Convolutional Neural Network (CNN) architecture that outperforms Inception V3 using fewer parameters. There is a Keras implementation
Notes
Inspired by the Inception architecture. Xception has fewer parameters and generally performs better.
The Inception hypothesis:
"A convolution layer attempts to learn filters in a 3D space, with 2 spatial dimensions (width and height) and a channel dimension; thus a single convolution kernel is tasked with simultaneously mapping cross-channel correlations and spatial correlations."
"the typical Inception module first looks at crosschannel correlations via a set of 1x1 convolutions, mapping the input data into 3 or 4 separate spaces that are smaller than the original input space, and then maps all correlations in these smaller 3D spaces, via regular 3x3 or 5x5 convolutions."
"the fundamental hypothesis behind Inception is that cross-channel correlations and spatial correlations are sufficiently decoupled that it is preferable not to map them jointly."
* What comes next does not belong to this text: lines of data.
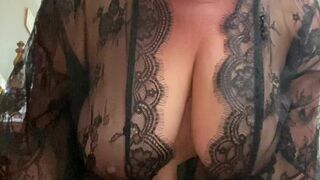 Nita_Marie cute passion relish swallows dildo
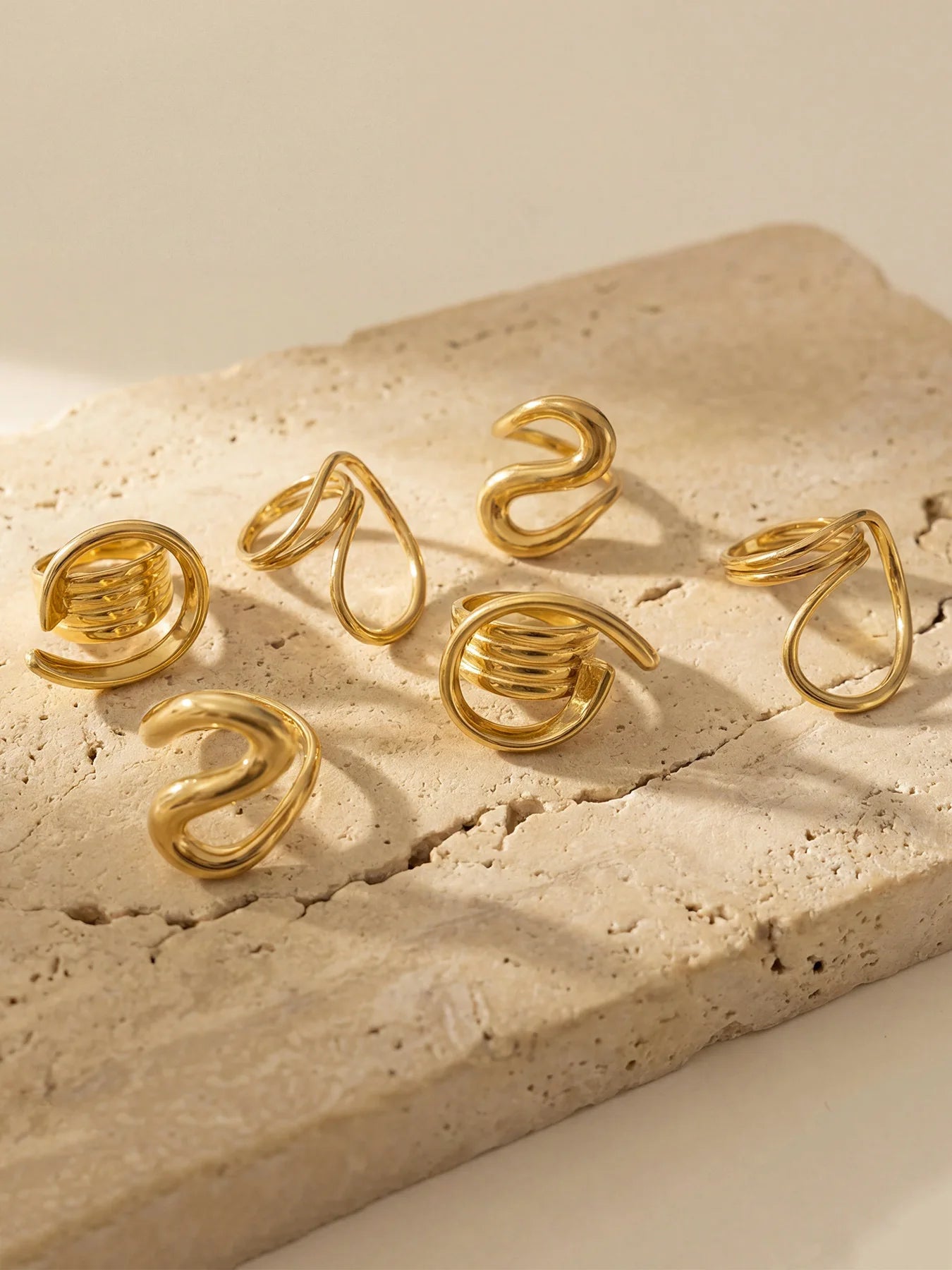 The Muse Eternal Curve Ring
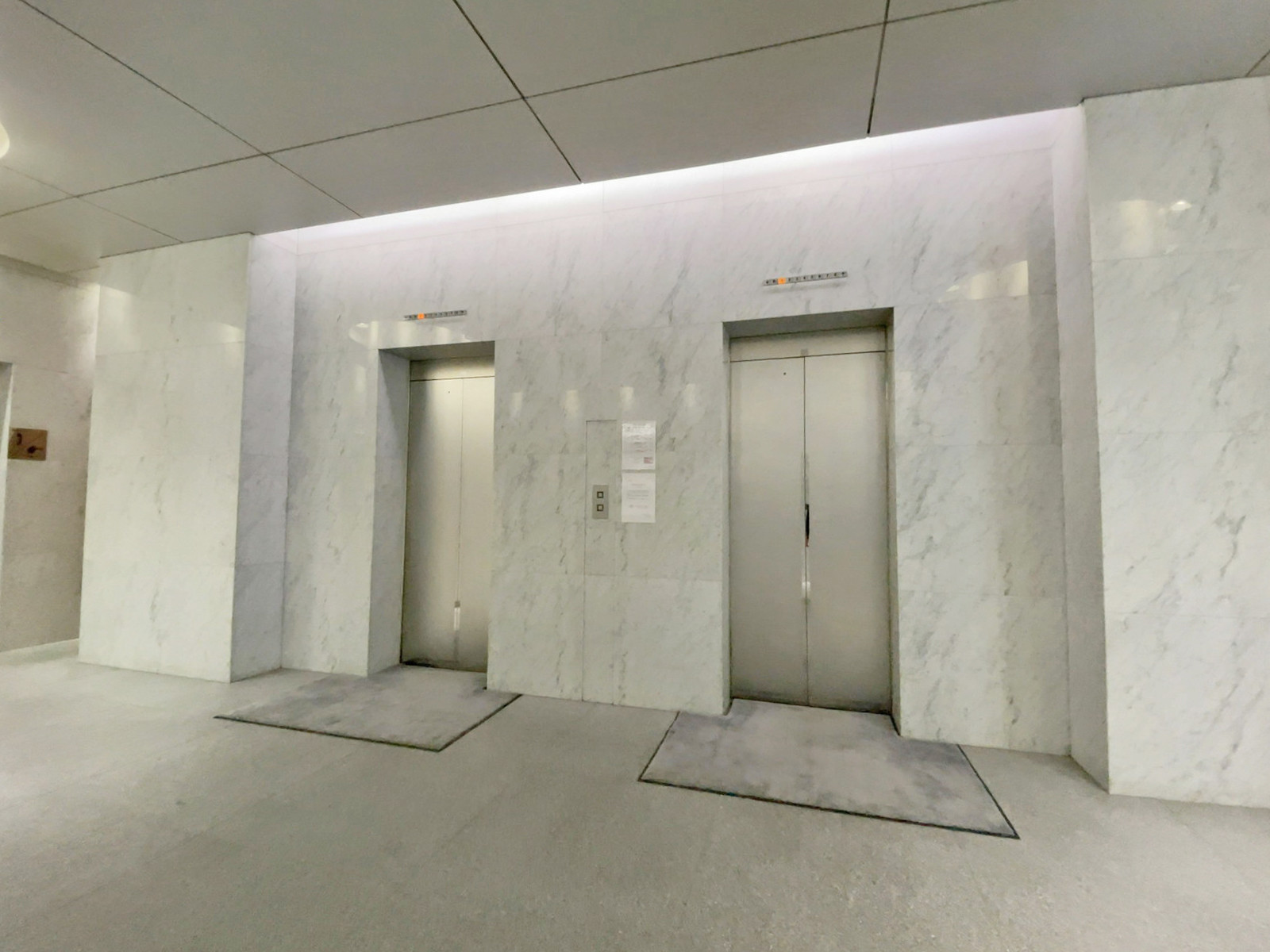エレベーター(2基)
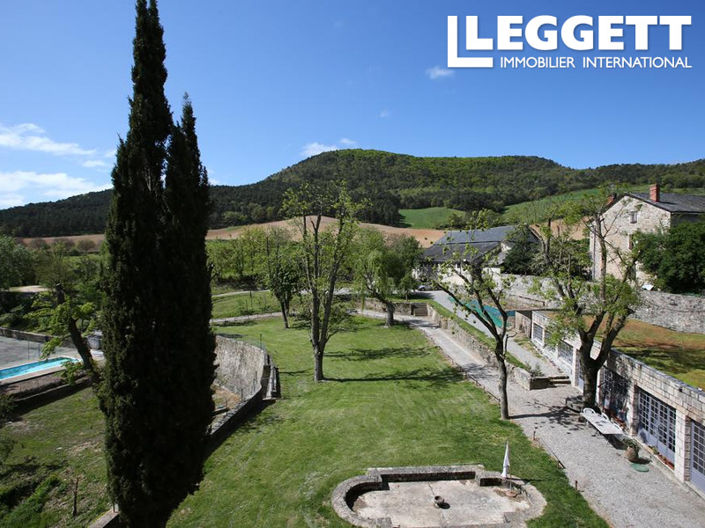 Image No.8-8 Bed Chateaux for sale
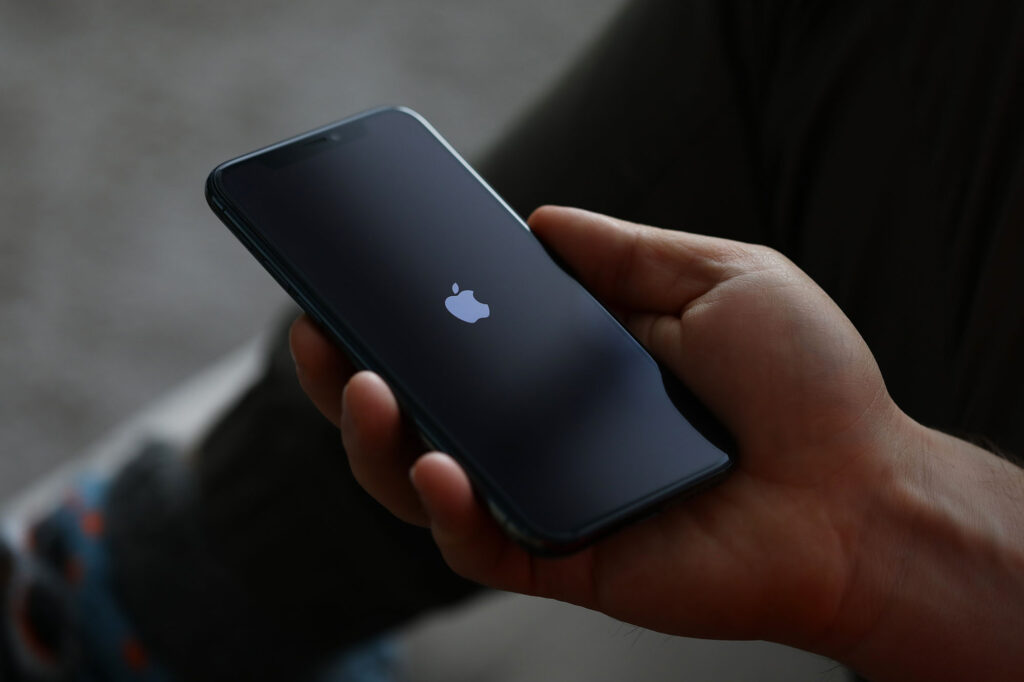Így használható a beépített 2FA kódgenerátor iOS-en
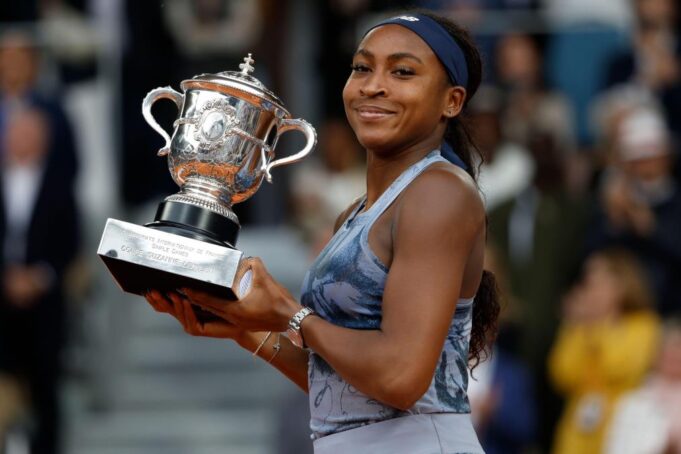 ŠAMPIONKA KOKO I LUDILO FINALA! Ovako je sa lica mesta izgledala epska bitka za trofej u Parizu!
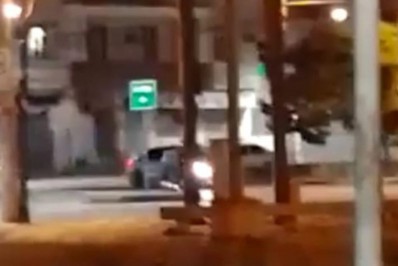 Tentativa de roubo de carro de luxo acaba em tiroteio na Tijuca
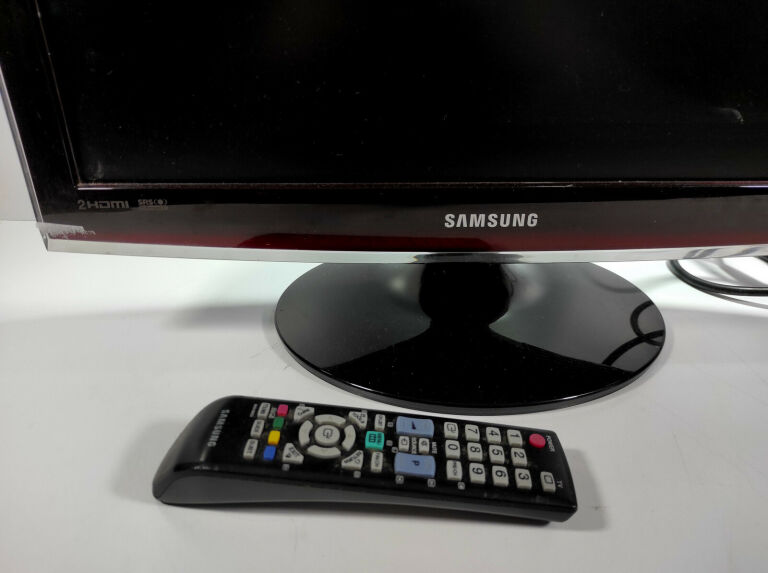 TV SAMSUNG T200HD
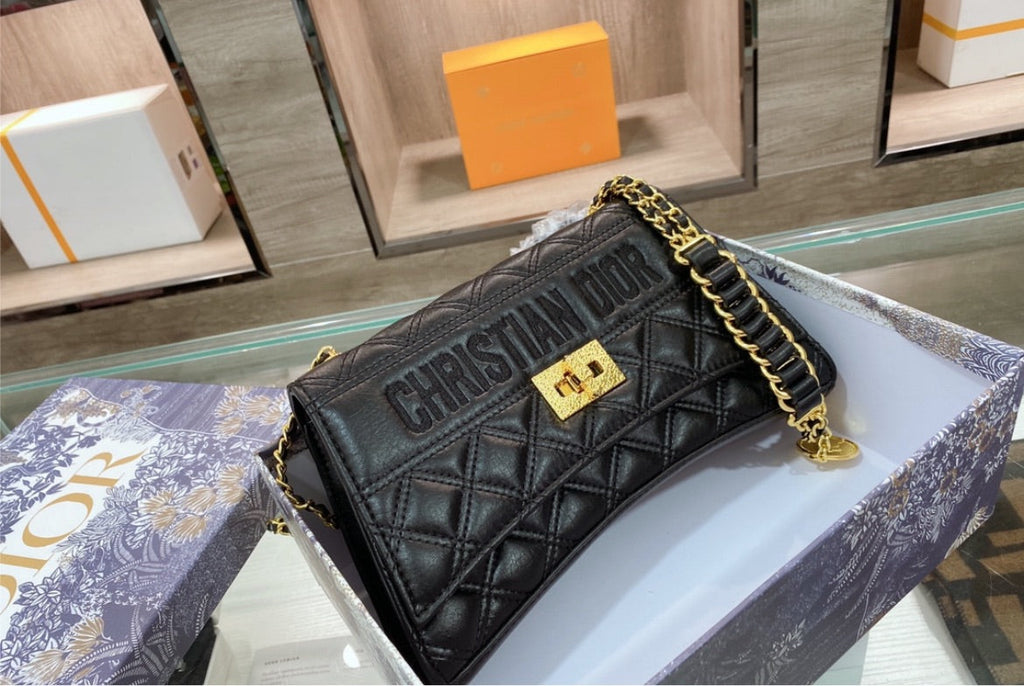 Woman Dior black shoulder handbag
Figures 1-4 show Inception modules in different formulations
Depthwise separable convolutions are depthwise. Inception performs a depthwise convolution (spatial convolution) on each channel followed by a pointwise convolution (projecting the channels output by the depthwise convolution onto a new channel space)
Xception decouples the cross-channel correlations and spatial correlations from the Inception model.
Figure 5 shows the Xception architecture (Top-Down view).
Xception outperforms Inception V3 on image classification tasks, despite not being optimally trained using hyper-parameter tuning.
Citation: Chollet, François. "Xception: Deep learning with depthwise separable convolutions." Proceedings of the IEEE conference on computer vision and pattern recognition. 2017.